Togo : une stratégie militaire controversée face aux groupes armés du Sahel
Le Togo face aux défis sécuritaires : alliances militaires et mercenaires russes
Lomé mise sur des partenariats militaires pour contrer la menace jihadiste
Depuis des années, le Togo renforce discrètement son dispositif de lutte contre les groupes armés opérant dans le Sahel. La capitale togolaise a scellé des accords stratégiques avec la Turquie, obtenant un appui aérien et une assistance militaire. En parallèle, l’arrivée remarquée de la Russie et de son Africa Corps depuis 2025 redéfinit les équilibres régionaux. Une enquête sur ces partenariats controversés.
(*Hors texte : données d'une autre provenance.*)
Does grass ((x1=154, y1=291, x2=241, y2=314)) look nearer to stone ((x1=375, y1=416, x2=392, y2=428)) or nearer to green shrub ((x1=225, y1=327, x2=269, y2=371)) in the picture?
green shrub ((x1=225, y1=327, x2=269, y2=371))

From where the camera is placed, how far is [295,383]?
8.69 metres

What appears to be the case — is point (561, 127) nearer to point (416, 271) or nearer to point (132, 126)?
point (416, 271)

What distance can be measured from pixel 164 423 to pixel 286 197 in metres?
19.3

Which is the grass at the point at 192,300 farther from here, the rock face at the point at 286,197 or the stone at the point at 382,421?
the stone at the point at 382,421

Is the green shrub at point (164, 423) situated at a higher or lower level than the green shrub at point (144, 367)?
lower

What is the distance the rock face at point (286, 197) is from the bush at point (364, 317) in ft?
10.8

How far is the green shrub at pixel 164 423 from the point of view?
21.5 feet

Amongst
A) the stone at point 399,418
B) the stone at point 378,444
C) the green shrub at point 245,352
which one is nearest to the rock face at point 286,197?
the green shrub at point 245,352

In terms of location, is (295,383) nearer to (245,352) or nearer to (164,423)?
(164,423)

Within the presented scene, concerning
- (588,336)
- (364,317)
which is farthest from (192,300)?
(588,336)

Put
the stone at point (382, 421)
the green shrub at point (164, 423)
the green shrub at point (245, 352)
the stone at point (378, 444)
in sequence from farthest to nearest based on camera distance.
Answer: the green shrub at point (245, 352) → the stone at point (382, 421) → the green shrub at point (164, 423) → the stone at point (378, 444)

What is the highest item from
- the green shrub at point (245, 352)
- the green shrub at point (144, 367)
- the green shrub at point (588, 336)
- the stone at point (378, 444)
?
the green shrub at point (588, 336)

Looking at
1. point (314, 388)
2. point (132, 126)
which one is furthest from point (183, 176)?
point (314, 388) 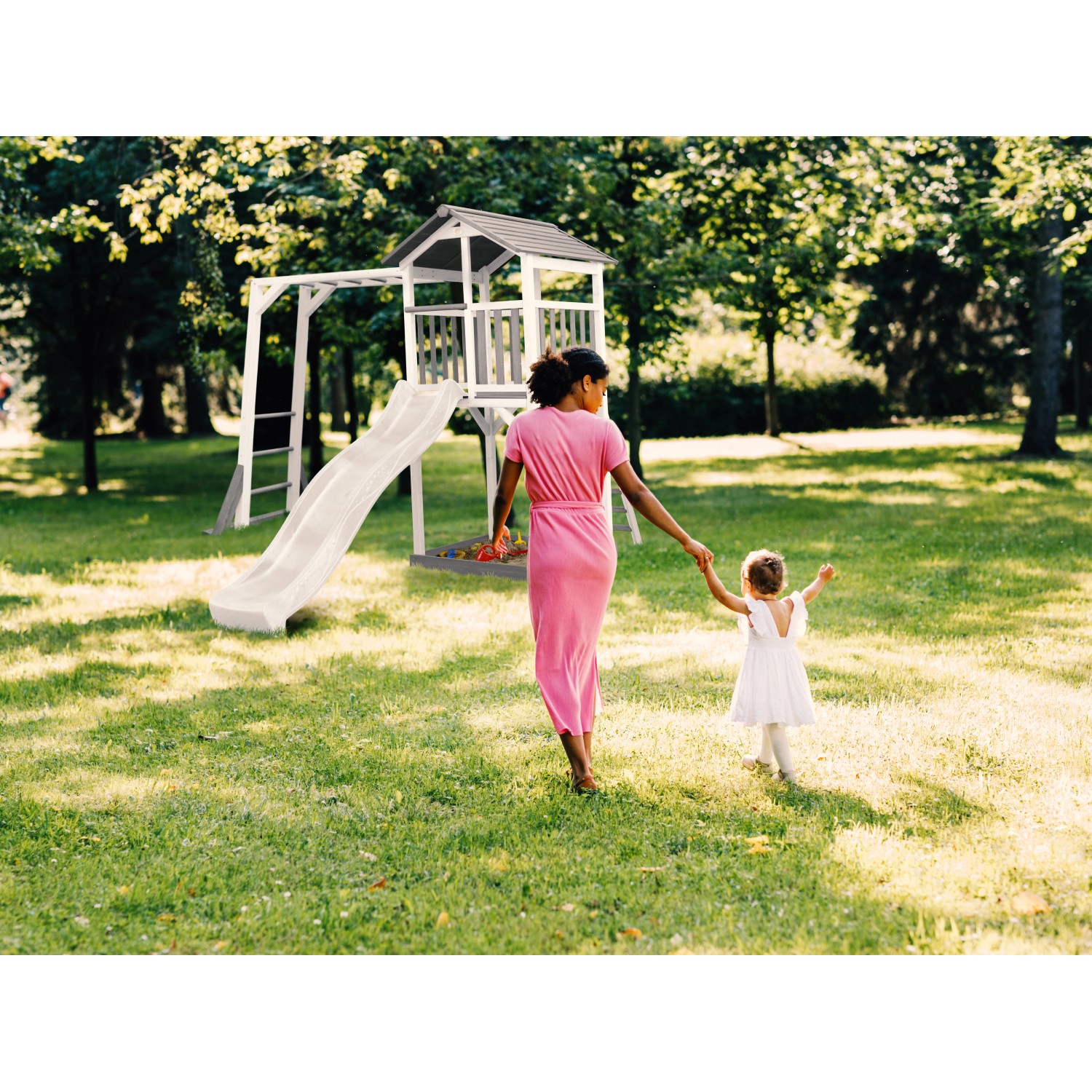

Un virage stratégique face à l’insécurité régionale
Le Togo se positionne comme un acteur clé dans la lutte contre l’expansion des groupes jihadistes au Sahel. Face à la montée des menaces, Lomé a choisi de diversifier ses alliances militaires. Une stratégie qui s’est concrétisée par des collaborations avec des partenaires internationaux, notamment la Turquie et la Russie, dont l’influence croissante dans la sous-région suscite autant d’espoirs que de craintes.
La Turquie, un partenaire aérien et logistique
Depuis plusieurs années, le Togo collabore avec la Turquie pour renforcer ses capacités de surveillance et de réponse. Des accords ont été signés pour bénéficier d’un soutien aérien, essentiel dans un contexte où les groupes armés multiplient les attaques. Cette coopération s’inscrit dans une logique de sécurisation des frontières et de protection des populations civiles.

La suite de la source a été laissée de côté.